Dieci anni fa, il 3 gennaio 2012, ci lasciava Giulio Gambelli. Per me era un amico, un uomo dolce, una persona con cui era bello stare. Mi ha insegnato anche tante cose sul vino ma di più sulla vita, su come prenderla per non farsi prendere, per non farsi trascinare dagli eventi.
Negli ultimi anni era debole ma per niente chiuso in se stesso e sapeva usare perfettamente anche i suoi difetti, come la sordità, gestita perfettamente quando lo cercavano persone che non voleva ascoltare ma che la sua educazione gli proibiva di mandare a quel paese.
Ci eravamo fatti le ultime linguacce (perché in ospedale aveva una specie di maschera e non poteva parlare) da poche ore quando mi chiamarono per dirmi che non era più tra noi. Allora come adesso piansi: ma non per lui che aveva smesso di soffrire ma per me, per noi che non lo avevamo più come “motore immobile” della vita e del vino.

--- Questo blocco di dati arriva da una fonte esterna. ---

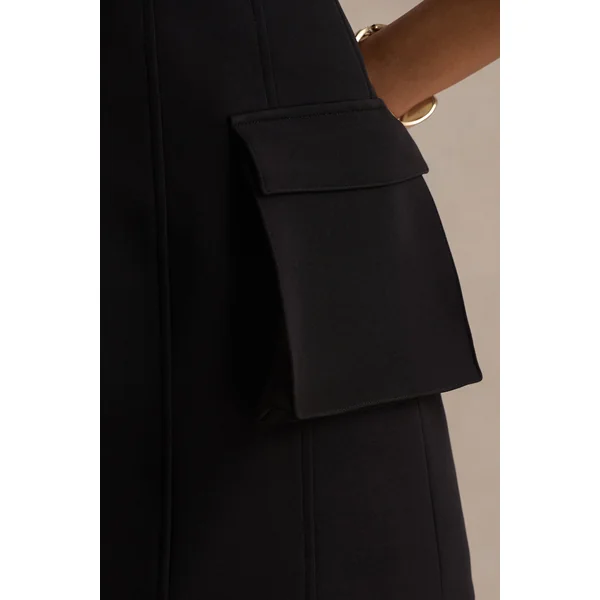 Mollie | Micro mini-robe ajustée noire à décolleté carré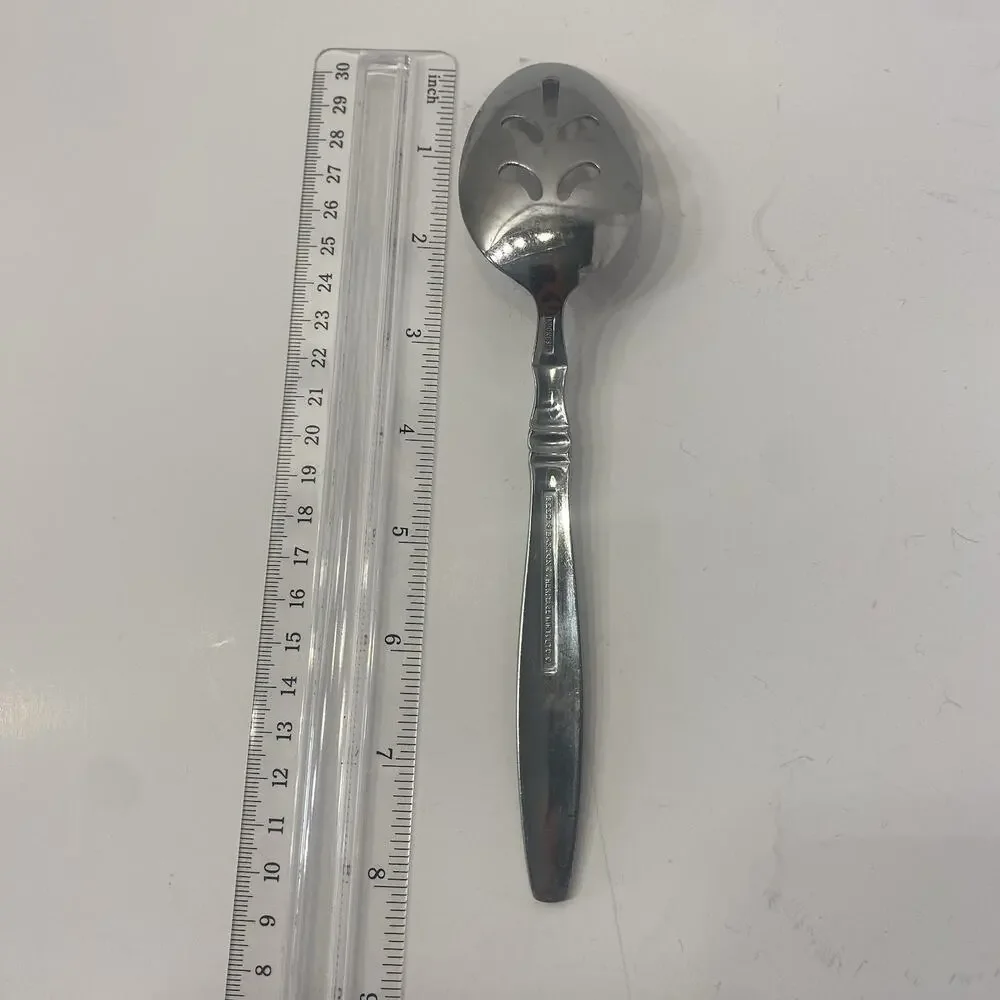 Reed & Barton Regent Heritage Mint Pierced Serving Spoon 8-5/8” 18/10 Stainless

Ormai tutti lo sanno ma è bene ribadirlo: Giulio Gambelli ha dato un contributo fondamentale alla crescita del vino toscano negli ultimi 60 anni!
Un motore immobile che, enologicamente parlando, riusciva e rendere semplici le cose difficili, a superare con pochi passaggi, tanta maestria e un’alzata di spalle anche annate difficili o complesse, situazioni ingarbugliate, vini incerti.
Si era sempre sentito nel suo intimo, forse per via della mancanza di una laurea, un vaso di coccio tra vasi di ferro, e proprio per questo amava i vini “più deboli” i vini base, quelli che lui con una maestria sovrana, riusciva e rendere leggiadri, profumati, equilibrati.
Era un vero maestro di quello che oggi viene chiamato blend e da quattro-cinque campioni-bruco di vasche diverse, ognuno con un problemino, riusciva a tirar fuori una meravigliosa farfalla.
Per questo lo chiamai la Farfalla del Sangiovese e anche per questo oggi lo piango e lo rimpiango.